**Exercise details:**
Pictures stay out of the answer, but every line of the material must be restated exactly.

**Data:**
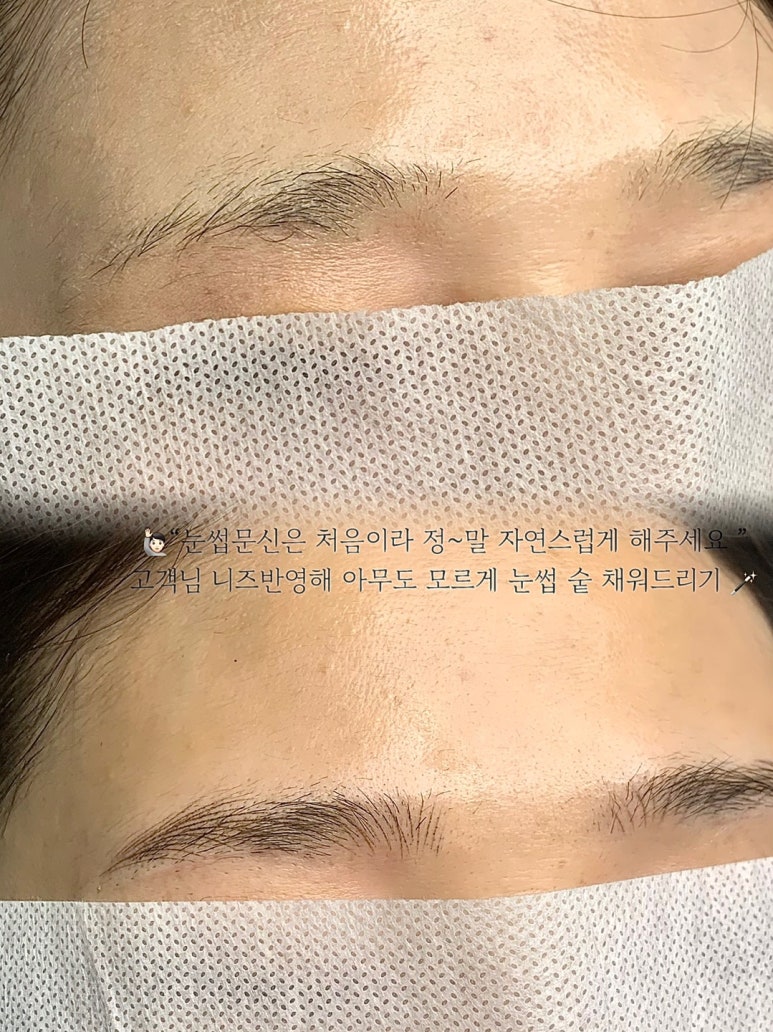 다움스킨 이미지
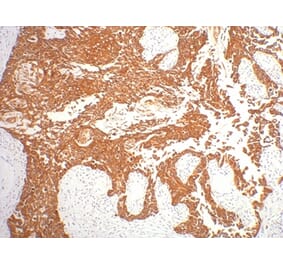 CK16 Mouse Monoclonal Antibody from Signalway Antibody (38011) - Antibodies.com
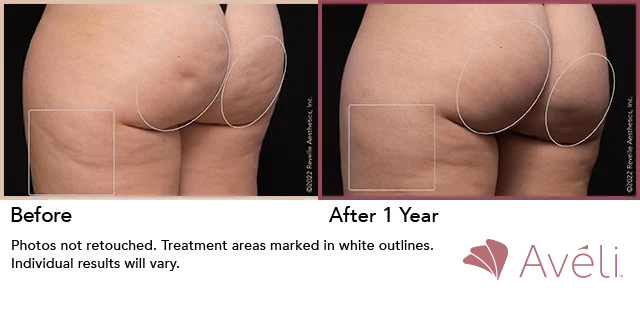 Aveli: First of it's Kind Cellulite Reduction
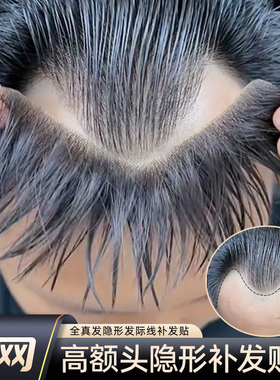 深v形发际线假发贴假刘海假发片m形发际线贴男一片式前额补发真发
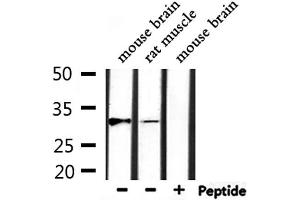 Western blot analysis of extracts from rat muscle, mouse brain, using MARCH1 Antibody. (MARCH1 Antikörper  (C-Term))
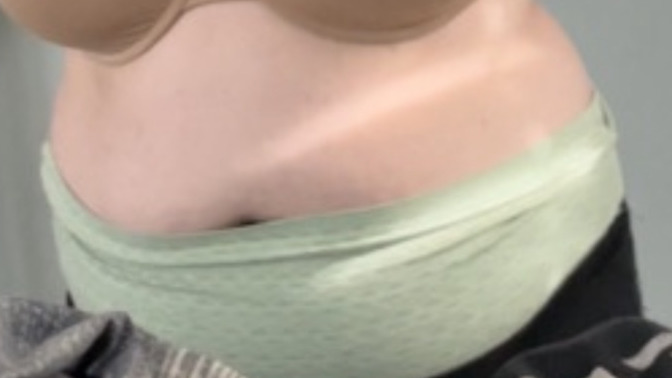 Why do some girls grow such a big belly?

**Task result:**
 다움스킨 이미지
 CK16 Mouse Monoclonal Antibody from Signalway Antibody (38011) - Antibodies.com
 Aveli: First of it's Kind Cellulite Reduction
 深v形发际线假发贴假刘海假发片m形发际线贴男一片式前额补发真发
 Western blot analysis of extracts from rat muscle, mouse brain, using MARCH1 Antibody. (MARCH1 Antikörper  (C-Term))
 Why do some girls grow such a big belly?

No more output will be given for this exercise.